Sunday, May 25, 2008

Tetanggaku

Kalau sore hari di lingkungan sekitar tempat kosku ramai sekali. Anak-anak keluar rumah dan bermain di gang permukiman depan kos. Ada yang berteriak-teriak. Ada yang tertawa-tawa. Ada yang merengek. Ada yang bernyanyi.

Orang tua mereka duduk di bangku depan posyandu. Yang masih punya anak kecil, biasanya menyuapi putra-putrinya dengan sabar. Sementara orang tua lainnya ada yang ngobrol mengenai kerumitan sehari-hari.

Sore itu, langit di atas Kemayoran nampak berawan. Udara rasanya gerah sekali. Sebentar lagi akan datang gelap.

Ada satu anak laki-laki dan ibunya yang menarik perhatianku. Dia sedang makan nasi bungkus dengan ditemani ibunya di depan posyandu. Satu bungkus dimakan berdua.

Ibu anak ini sepertinya sedang sakit. Badannya amat kurus dan kecil. Kulitnya cenderung gelap dan mati. Kalau berjalan kakinya tertatih-tatih. Mungkin kalau kena angin agak besar dia akan jatuh.

Sepertinya, dia sudah lama sekali menderita suatu penyakit kronis. Wajahnya selalu saja muram. Giginya rusak dan sangat coklat. Rambutnya awut-awutan seperti penampilan pada umumnya orang kurang waras. Kondisi yang sama juga dialami ayah dari anak itu.

Tapi, keadaan anak yang dilahirkan sehat dan segar sebagaimana anak-anak normal lain di kampung ini. Dia mendapat kesempatan belajar dan lainnya.

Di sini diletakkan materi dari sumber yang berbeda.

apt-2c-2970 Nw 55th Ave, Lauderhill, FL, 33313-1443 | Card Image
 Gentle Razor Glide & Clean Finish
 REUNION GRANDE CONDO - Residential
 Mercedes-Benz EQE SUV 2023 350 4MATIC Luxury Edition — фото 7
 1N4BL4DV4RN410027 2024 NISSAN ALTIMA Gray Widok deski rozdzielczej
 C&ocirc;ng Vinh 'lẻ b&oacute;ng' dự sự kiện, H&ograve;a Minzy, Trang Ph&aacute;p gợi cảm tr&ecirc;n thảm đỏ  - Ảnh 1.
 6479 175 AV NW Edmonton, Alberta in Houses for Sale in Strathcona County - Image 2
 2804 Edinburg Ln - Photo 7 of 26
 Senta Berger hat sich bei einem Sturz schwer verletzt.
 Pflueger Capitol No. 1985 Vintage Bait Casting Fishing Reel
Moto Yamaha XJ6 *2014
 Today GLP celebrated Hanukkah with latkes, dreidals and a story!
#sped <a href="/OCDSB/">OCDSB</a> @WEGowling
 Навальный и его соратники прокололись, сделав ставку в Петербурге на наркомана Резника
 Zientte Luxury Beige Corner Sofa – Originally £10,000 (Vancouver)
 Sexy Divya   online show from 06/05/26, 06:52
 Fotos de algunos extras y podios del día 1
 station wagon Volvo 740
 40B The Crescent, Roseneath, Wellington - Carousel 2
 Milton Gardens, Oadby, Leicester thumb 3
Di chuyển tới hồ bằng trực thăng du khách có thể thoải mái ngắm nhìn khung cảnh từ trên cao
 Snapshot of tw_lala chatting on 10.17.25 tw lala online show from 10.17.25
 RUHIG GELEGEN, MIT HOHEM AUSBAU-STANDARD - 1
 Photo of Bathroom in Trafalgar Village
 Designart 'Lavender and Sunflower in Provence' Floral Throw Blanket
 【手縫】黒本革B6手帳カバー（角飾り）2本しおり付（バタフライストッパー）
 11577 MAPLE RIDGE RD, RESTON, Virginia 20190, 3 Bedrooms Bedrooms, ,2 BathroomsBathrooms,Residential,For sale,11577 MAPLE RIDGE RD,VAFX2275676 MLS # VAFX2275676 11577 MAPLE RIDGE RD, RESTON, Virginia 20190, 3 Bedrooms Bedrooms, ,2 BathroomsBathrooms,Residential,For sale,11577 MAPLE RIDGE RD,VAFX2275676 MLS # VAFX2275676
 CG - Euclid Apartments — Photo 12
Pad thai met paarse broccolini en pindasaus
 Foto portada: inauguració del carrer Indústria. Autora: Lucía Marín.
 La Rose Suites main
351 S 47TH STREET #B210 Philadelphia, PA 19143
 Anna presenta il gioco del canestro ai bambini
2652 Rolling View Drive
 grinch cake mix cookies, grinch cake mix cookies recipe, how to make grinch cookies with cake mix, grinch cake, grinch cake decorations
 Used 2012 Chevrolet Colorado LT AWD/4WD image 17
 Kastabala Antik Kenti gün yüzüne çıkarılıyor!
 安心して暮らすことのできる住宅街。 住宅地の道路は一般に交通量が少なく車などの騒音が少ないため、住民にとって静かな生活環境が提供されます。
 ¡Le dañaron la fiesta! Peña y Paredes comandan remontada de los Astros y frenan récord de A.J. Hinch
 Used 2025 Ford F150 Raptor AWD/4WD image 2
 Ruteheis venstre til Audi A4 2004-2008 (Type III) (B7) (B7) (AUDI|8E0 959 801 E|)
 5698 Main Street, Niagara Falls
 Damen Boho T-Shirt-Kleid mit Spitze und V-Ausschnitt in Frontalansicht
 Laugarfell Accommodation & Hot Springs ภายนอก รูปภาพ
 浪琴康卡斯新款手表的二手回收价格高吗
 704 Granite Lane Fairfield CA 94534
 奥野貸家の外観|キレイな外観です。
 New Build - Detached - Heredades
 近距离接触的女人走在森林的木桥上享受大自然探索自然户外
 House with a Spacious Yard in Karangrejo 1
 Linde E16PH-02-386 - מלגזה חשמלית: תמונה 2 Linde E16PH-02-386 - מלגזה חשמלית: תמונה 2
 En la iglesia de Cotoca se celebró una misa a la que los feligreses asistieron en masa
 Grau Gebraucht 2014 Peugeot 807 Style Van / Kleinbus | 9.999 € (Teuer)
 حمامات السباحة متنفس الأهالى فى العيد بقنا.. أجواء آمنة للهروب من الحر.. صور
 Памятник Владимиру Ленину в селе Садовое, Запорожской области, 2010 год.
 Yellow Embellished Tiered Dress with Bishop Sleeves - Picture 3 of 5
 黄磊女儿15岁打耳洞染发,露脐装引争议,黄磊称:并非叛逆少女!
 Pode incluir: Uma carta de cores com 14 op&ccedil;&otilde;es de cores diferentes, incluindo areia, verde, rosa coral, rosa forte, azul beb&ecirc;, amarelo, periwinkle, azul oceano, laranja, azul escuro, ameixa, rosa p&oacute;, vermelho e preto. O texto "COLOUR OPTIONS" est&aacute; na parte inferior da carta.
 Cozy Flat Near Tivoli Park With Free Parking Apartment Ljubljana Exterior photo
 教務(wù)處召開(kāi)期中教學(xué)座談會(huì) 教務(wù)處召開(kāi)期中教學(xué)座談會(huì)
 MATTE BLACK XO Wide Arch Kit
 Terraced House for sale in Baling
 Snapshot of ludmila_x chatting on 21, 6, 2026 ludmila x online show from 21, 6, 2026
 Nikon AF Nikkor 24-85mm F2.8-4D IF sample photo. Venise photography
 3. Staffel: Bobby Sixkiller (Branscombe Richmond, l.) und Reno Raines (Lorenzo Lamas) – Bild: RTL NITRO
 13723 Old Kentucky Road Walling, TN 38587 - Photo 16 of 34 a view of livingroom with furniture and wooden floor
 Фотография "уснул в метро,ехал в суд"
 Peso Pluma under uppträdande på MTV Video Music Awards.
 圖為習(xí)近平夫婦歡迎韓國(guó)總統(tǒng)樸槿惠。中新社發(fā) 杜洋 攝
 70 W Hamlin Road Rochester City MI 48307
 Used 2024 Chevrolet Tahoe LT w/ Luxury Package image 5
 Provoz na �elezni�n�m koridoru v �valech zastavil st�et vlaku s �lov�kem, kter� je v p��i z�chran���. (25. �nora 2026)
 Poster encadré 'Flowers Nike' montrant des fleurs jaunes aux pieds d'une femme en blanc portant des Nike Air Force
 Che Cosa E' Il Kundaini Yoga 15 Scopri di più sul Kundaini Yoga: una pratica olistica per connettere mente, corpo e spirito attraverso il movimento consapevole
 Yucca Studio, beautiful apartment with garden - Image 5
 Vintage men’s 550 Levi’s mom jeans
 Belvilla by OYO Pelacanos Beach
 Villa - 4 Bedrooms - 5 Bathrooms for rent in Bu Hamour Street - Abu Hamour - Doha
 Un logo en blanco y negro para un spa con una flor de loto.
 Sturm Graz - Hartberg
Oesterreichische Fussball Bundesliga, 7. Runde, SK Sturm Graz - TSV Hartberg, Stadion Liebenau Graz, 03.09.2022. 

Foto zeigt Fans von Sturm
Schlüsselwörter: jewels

Menurutku, keluarga ini memang memiliki kekhususan. Jarang sekali ibu itu diajak ngobrol dengan para tetangga. Cenderungnya, dia malah dijauhi. Aku menduga karena penampilannya yang awut-awutan itu.

Dia juga tidak lancar berbicara. Kalau ngomong dengan suami dan anaknya, dia seperti melengking-lengking setengah mati. Entah penyakit apa yang memakannya.

Mereka tinggal dekat kosku. Hanya berjarak tiga petak rumah. Keluarga ini tidak bekerja. Untuk menanggung biaya hidup, mereka mengandalkan bayaran sewa kos.

Kalau aku sedang berangkat kerja, aku selalu mengangguk pada ibu itu. Dia pasti tersenyum dengan memperlihatkan giginya yang kotor dan sebagian besar hancur. Kadang-kadang dia mengangguk senang sekali.

Ibu ini memang sangat kesepian. Kesulitan berdialog dan tidak diajak membaur dengan tetangga.

Aku sering melihatnya makan es batu pada pagi hari atau malam hari. Mungkin, giginya hancur karena itu. Kata ibu rumah tangga lain, sehari-hari, dia memang suka makan es batu dan tidak kenal waktu.

Kalau malam hari, seringkali dia mencuci pakaian di tempat penampungan air umum di pertigaan jalan. Aneh memang, kadang jam satu dini hari dia mencuci. kadang tengah malam masih nyuci alat memasak.